*Exercise objective:* Nothing but the lines from the one containing "Hostal Liste Station" to the final line of the entries should appear, copied exactly and without pictures.

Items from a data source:
● ● ● ●

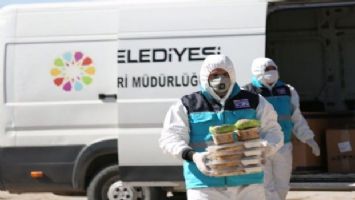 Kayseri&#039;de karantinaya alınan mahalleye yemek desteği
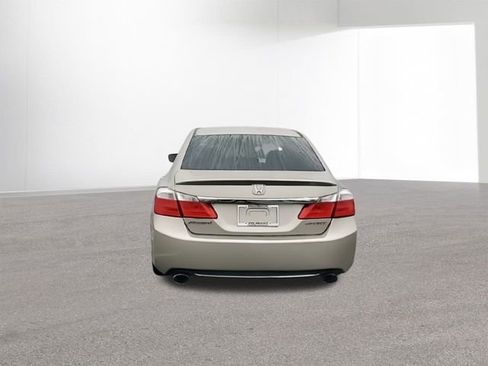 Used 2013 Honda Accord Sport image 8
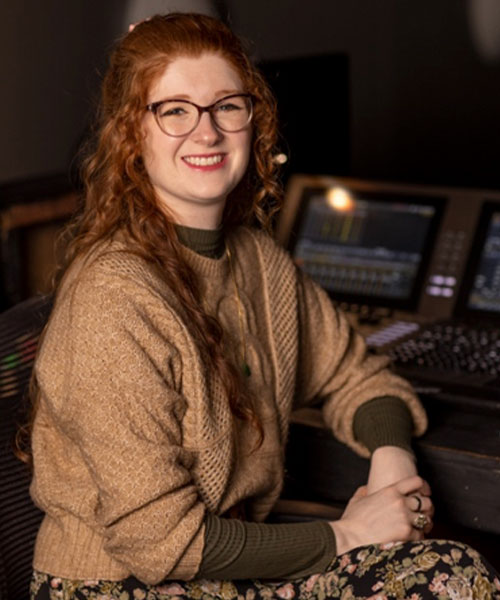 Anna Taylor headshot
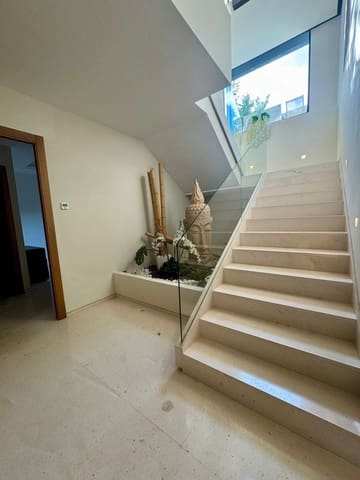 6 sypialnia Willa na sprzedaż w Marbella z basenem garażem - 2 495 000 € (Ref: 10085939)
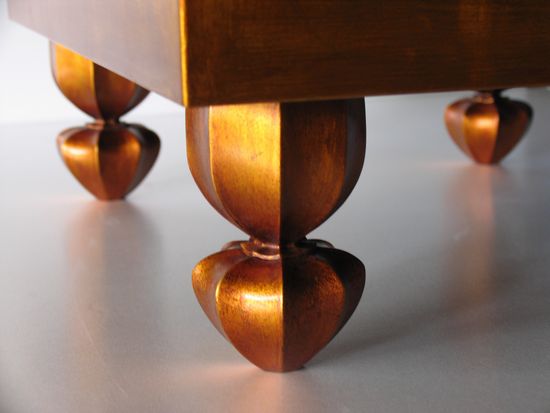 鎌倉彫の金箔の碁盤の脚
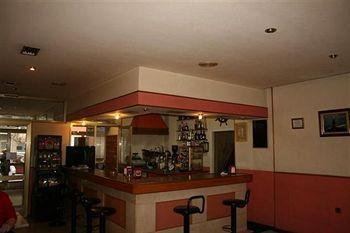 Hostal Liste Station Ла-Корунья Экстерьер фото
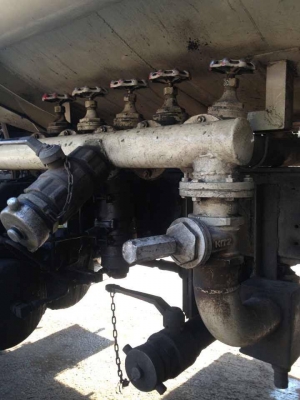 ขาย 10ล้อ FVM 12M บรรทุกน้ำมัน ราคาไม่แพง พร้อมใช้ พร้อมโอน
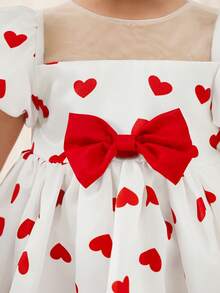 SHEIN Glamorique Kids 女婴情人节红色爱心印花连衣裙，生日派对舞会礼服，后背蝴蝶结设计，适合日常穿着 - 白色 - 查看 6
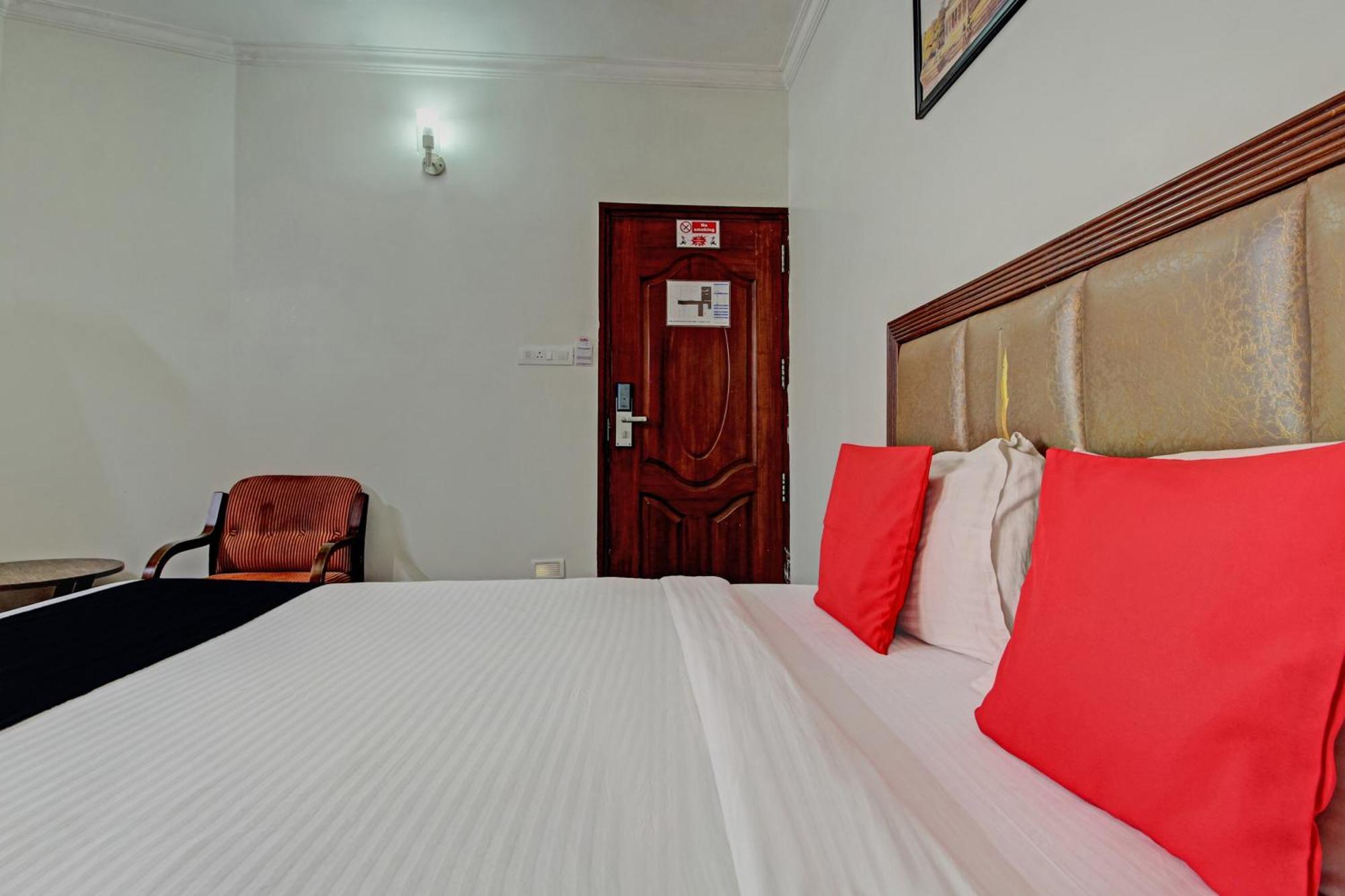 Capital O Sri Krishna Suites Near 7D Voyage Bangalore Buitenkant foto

● ● ● ●

*Result:*
 Hostal Liste Station Ла-Корунья Экстерьер фото
 ขาย 10ล้อ FVM 12M บรรทุกน้ำมัน ราคาไม่แพง พร้อมใช้ พร้อมโอน
 SHEIN Glamorique Kids 女婴情人节红色爱心印花连衣裙，生日派对舞会礼服，后背蝴蝶结设计，适合日常穿着 - 白色 - 查看 6
 Capital O Sri Krishna Suites Near 7D Voyage Bangalore Buitenkant foto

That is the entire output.